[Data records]
★ ★ ★
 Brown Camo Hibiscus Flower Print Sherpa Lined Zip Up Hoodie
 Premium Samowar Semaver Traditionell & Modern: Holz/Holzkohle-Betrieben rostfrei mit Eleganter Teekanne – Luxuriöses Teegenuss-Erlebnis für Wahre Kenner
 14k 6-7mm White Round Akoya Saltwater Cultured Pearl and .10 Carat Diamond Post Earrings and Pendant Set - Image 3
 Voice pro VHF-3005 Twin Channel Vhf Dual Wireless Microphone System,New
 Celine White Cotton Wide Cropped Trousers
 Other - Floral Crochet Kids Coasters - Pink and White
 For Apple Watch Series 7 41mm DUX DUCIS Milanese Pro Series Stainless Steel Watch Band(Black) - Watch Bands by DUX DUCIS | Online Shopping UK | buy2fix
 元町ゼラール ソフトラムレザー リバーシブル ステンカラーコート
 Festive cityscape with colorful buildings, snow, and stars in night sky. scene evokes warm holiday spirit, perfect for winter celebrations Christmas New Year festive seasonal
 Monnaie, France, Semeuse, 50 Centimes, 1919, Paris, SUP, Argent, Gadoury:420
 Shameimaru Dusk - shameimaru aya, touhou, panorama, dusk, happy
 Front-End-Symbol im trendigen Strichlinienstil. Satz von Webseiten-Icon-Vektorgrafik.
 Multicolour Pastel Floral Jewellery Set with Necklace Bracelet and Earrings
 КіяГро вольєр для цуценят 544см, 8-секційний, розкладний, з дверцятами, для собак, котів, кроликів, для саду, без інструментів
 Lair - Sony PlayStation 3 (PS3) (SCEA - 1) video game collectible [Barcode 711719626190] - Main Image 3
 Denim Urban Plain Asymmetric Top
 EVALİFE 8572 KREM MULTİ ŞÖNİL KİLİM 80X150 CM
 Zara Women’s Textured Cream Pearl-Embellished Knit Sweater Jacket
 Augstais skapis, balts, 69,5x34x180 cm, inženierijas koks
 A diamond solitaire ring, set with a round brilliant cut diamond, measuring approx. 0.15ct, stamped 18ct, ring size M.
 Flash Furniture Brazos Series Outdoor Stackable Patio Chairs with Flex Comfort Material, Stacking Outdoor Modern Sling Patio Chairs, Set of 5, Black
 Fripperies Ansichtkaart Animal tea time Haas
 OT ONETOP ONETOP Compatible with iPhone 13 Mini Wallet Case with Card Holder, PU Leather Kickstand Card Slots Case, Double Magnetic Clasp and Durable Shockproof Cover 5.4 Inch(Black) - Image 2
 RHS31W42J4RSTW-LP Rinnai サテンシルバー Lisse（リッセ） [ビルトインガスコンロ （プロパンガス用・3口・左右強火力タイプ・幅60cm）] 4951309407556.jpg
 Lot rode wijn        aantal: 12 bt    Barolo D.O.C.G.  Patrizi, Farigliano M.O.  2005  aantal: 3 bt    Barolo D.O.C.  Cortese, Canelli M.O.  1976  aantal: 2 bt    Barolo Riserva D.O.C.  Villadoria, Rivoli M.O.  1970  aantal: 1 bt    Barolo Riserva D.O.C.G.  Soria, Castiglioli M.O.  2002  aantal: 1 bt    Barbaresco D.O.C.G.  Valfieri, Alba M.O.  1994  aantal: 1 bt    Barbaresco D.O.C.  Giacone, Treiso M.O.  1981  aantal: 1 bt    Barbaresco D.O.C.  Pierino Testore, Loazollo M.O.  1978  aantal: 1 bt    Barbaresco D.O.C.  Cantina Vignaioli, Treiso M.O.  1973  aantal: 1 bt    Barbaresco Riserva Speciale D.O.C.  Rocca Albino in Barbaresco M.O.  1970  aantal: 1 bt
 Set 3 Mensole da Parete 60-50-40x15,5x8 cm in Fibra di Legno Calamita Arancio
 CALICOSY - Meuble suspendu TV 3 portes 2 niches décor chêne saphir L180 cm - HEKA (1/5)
★ ★ ★
* **Task requirements**
Filter the entries down to the lines with the word "Floral" in them.

* **Problem solution**
 Other - Floral Crochet Kids Coasters - Pink and White
 Multicolour Pastel Floral Jewellery Set with Necklace Bracelet and Earrings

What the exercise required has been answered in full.